From the listing below, restate word for word the lines from the line containing "Compact carbon fiber" down through the line containing "So there you". Exclude pictures.

═══ INPUT FOR THIS TASK

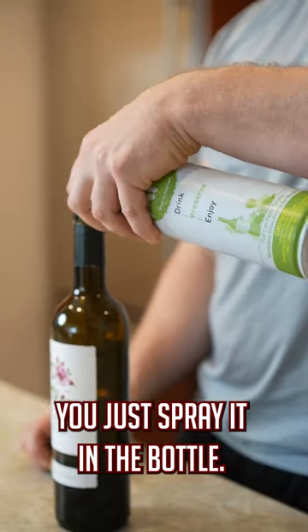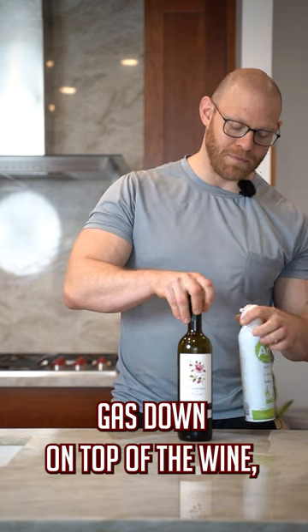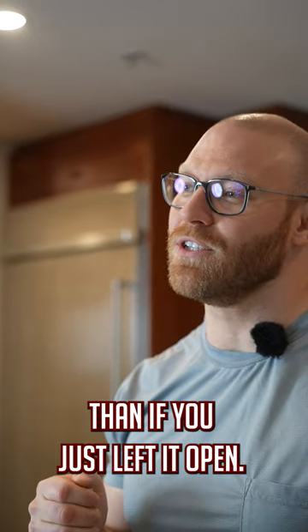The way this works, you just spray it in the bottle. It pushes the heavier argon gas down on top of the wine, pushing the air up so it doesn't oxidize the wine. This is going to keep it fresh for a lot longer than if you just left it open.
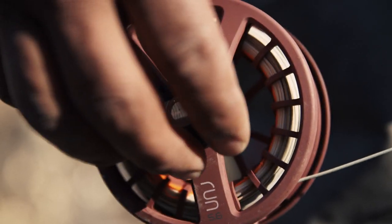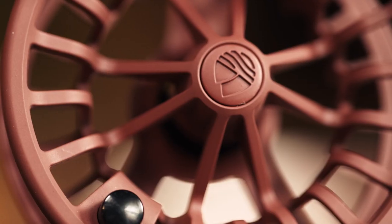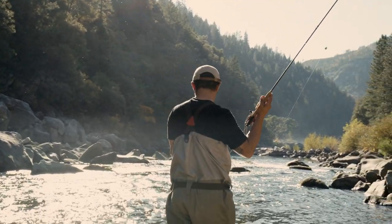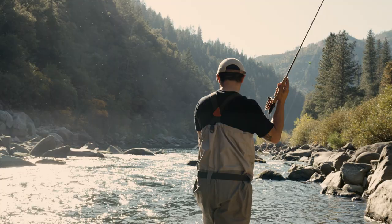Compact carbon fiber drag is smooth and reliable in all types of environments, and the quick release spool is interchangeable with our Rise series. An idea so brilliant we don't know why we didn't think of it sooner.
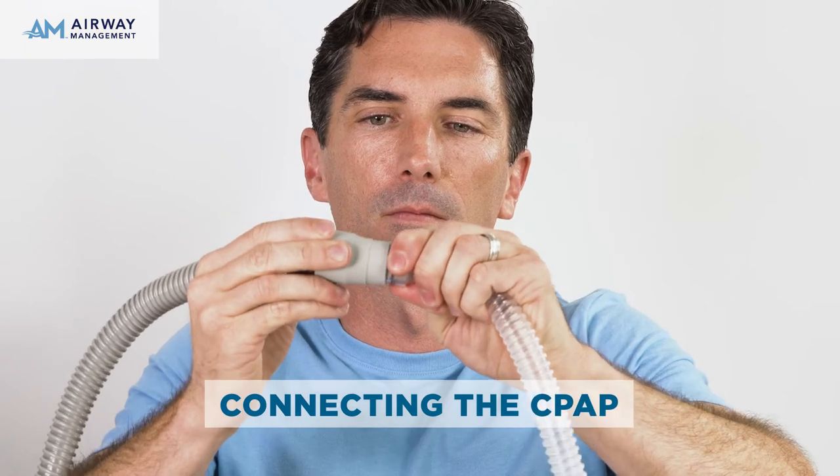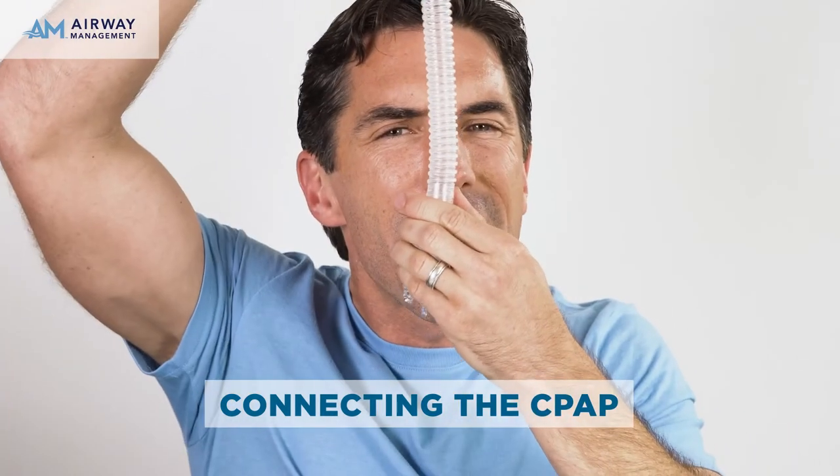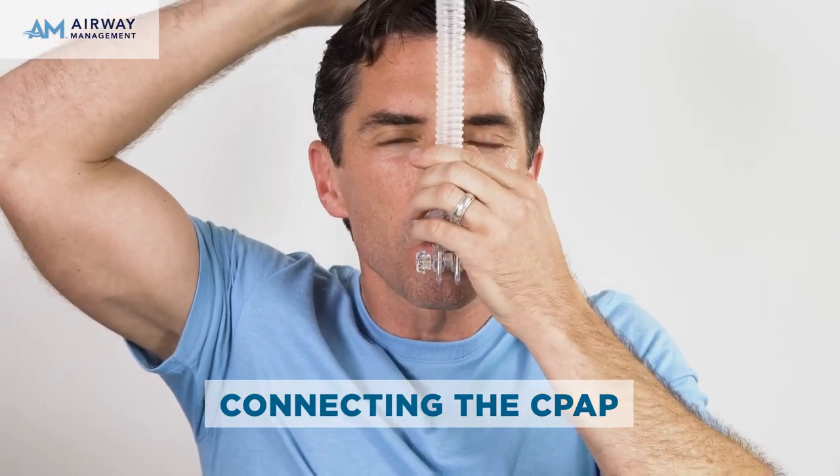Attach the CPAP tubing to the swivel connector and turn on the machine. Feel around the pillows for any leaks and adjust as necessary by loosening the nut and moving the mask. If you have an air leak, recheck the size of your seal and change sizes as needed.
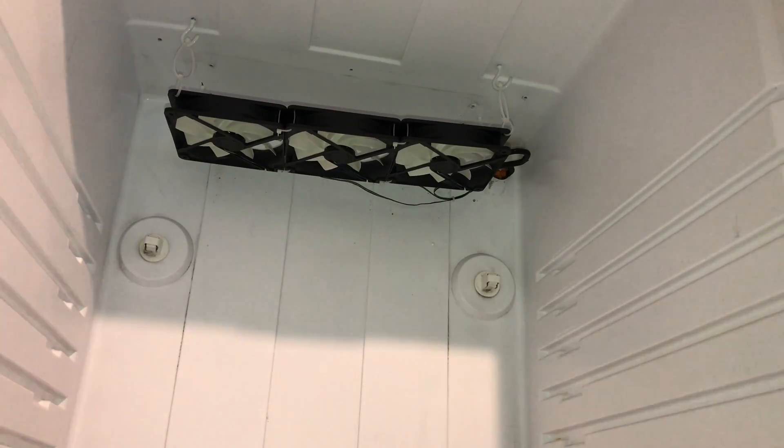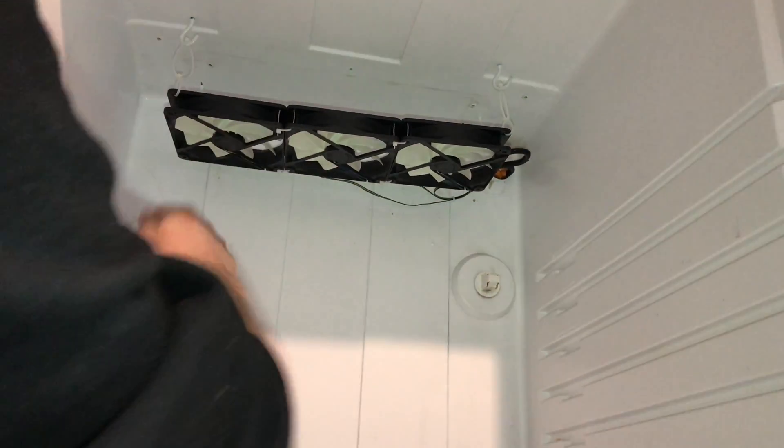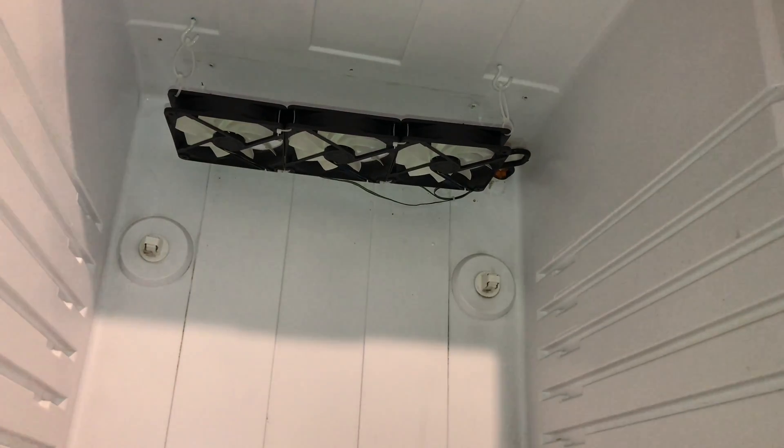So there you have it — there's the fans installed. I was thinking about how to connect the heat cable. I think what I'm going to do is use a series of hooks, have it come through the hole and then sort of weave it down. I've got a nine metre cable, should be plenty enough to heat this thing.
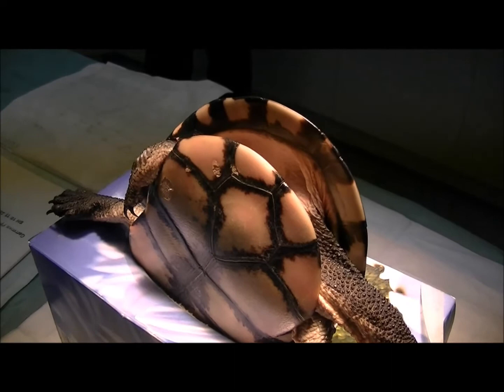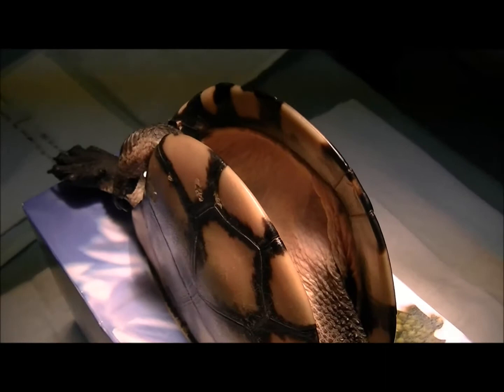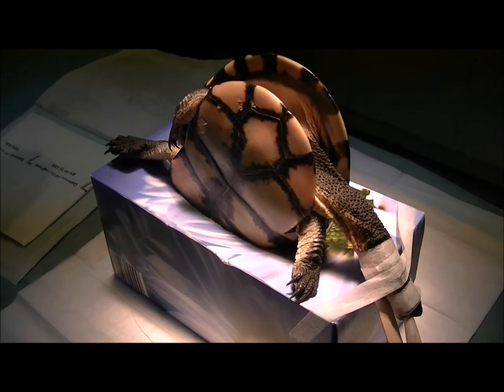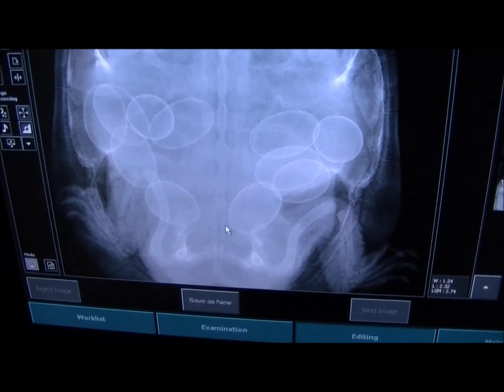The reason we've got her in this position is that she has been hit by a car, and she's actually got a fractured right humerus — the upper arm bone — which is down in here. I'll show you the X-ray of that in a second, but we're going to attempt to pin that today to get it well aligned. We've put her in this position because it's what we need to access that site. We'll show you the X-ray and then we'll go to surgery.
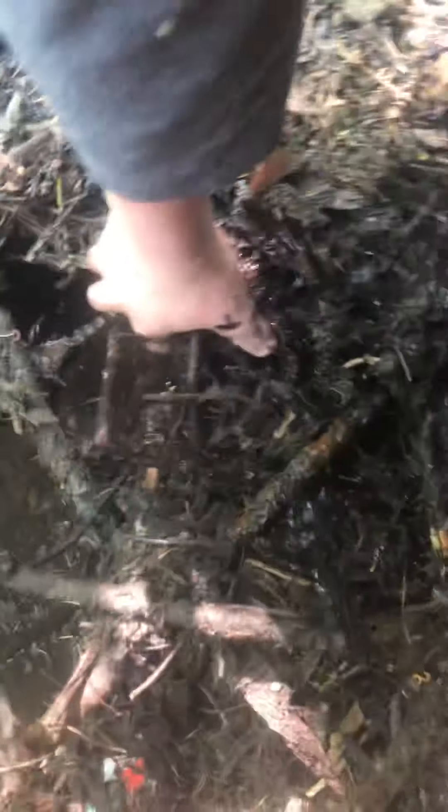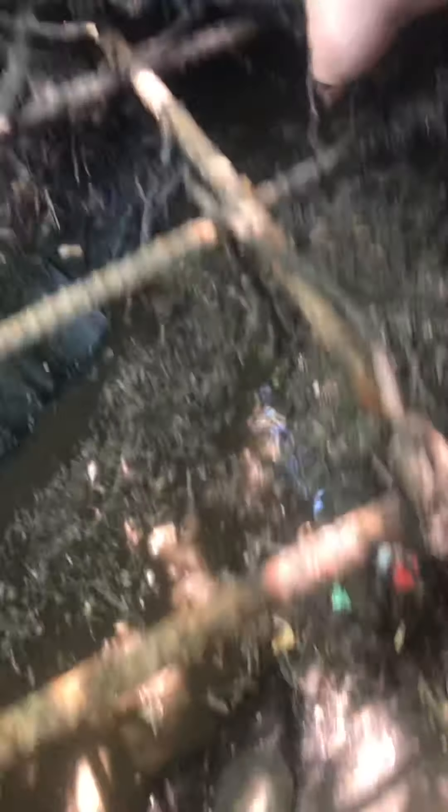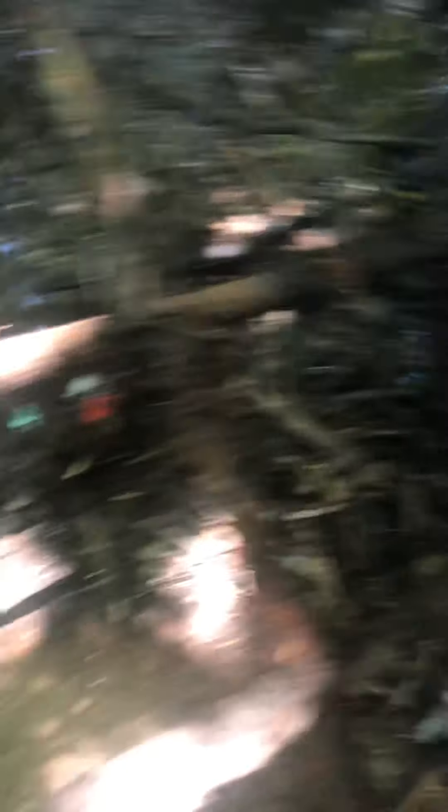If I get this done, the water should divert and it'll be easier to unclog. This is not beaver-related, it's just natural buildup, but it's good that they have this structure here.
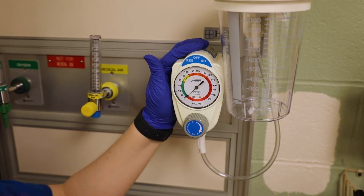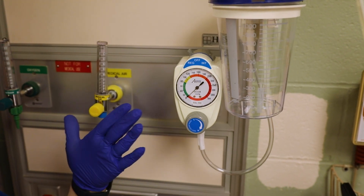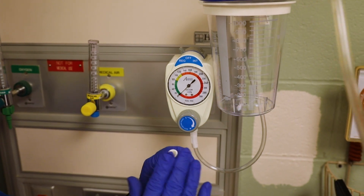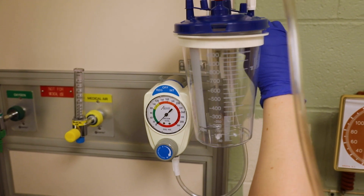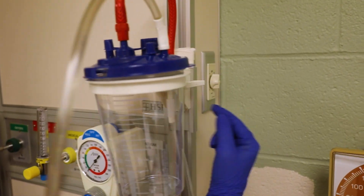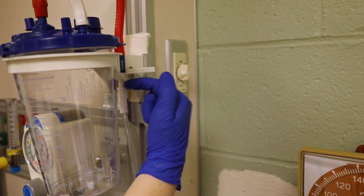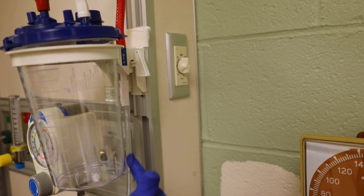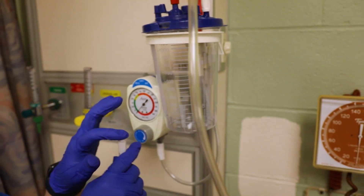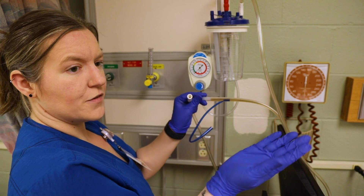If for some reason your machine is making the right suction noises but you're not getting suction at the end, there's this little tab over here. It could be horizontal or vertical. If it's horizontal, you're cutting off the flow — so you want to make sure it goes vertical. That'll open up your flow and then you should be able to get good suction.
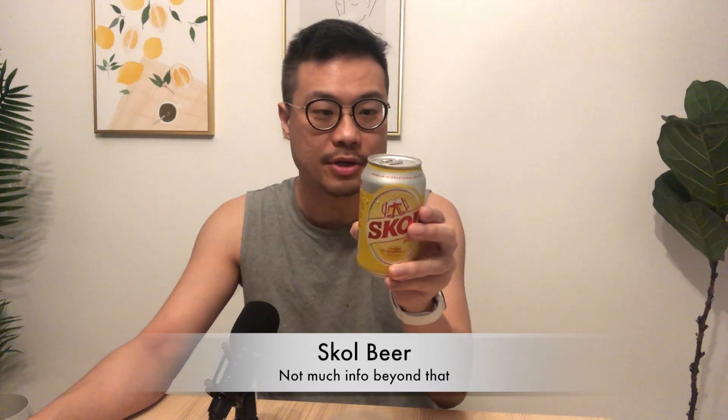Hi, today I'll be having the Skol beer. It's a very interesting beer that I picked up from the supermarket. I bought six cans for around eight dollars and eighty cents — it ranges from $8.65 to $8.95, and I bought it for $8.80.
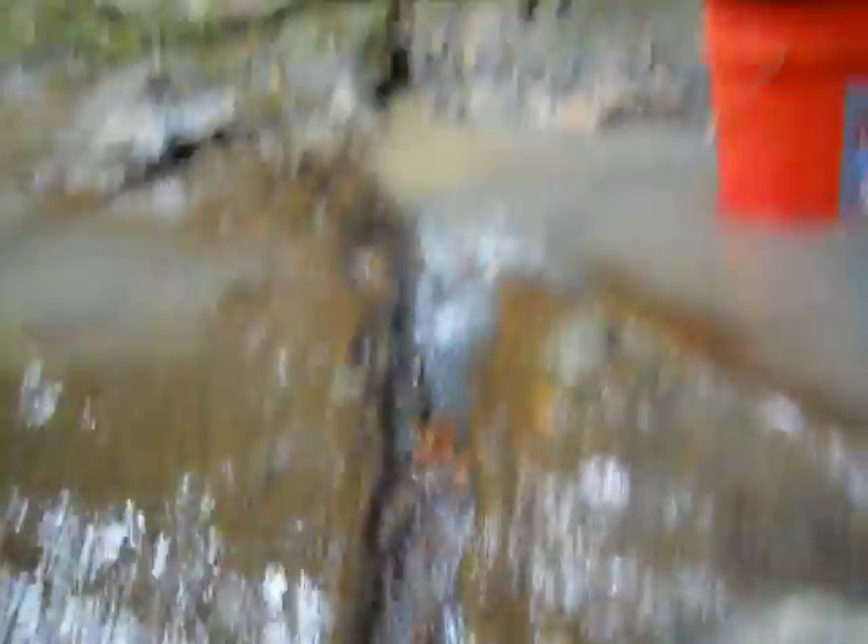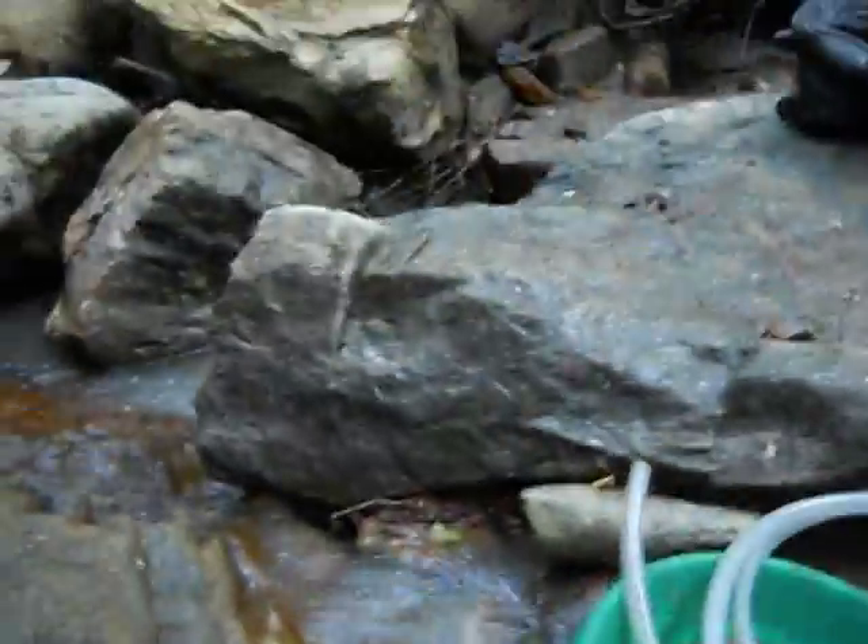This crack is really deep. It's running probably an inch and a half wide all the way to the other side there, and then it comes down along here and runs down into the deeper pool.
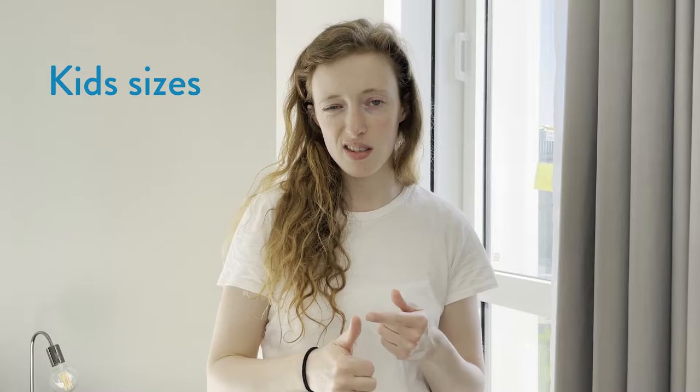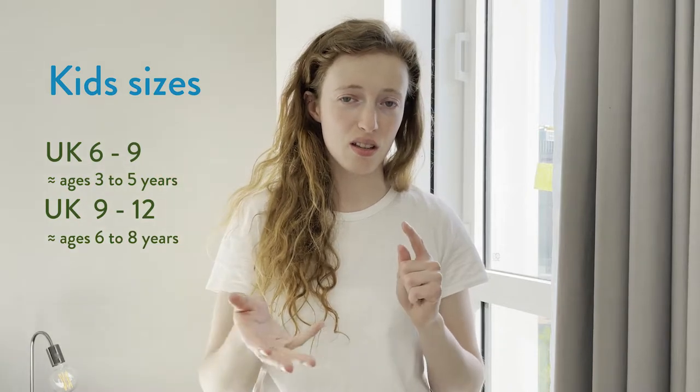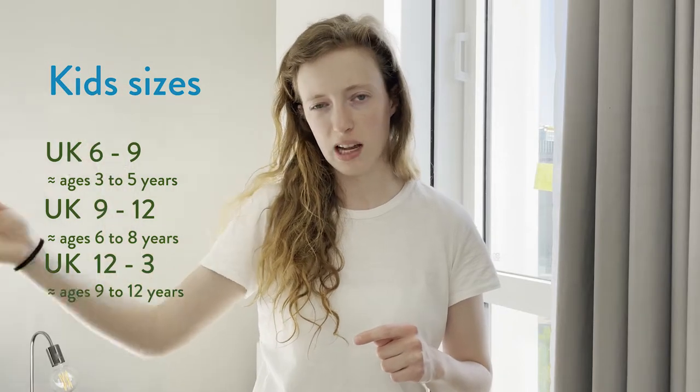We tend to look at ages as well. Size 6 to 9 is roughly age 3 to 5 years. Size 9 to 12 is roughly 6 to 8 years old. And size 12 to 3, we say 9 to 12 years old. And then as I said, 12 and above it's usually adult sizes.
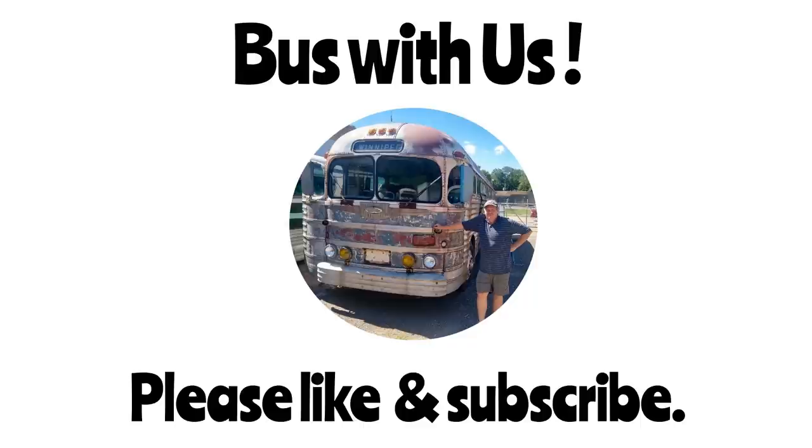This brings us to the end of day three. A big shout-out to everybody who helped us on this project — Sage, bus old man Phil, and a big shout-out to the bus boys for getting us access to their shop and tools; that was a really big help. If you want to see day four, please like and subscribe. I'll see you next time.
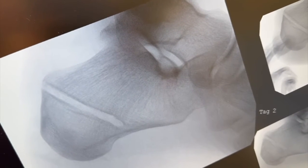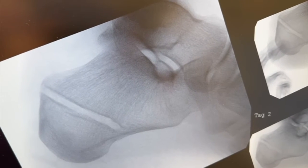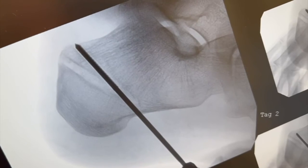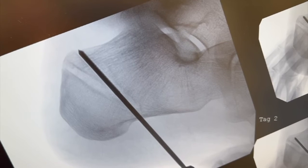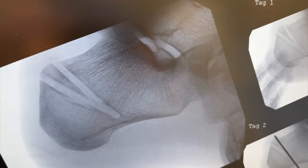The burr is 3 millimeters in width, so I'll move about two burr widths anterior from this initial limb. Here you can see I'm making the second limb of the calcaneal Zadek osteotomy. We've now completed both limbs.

══════

### YOUR RESPONSE
Compact carbon fiber drag is smooth and reliable in all types of environments, and the quick release spool is interchangeable with our Rise series. An idea so brilliant we don't know why we didn't think of it sooner.
Attach the CPAP tubing to the swivel connector and turn on the machine. Feel around the pillows for any leaks and adjust as necessary by loosening the nut and moving the mask. If you have an air leak, recheck the size of your seal and change sizes as needed.
So there you have it — there's the fans installed. I was thinking about how to connect the heat cable. I think what I'm going to do is use a series of hooks, have it come through the hole and then sort of weave it down. I've got a nine metre cable, should be plenty enough to heat this thing.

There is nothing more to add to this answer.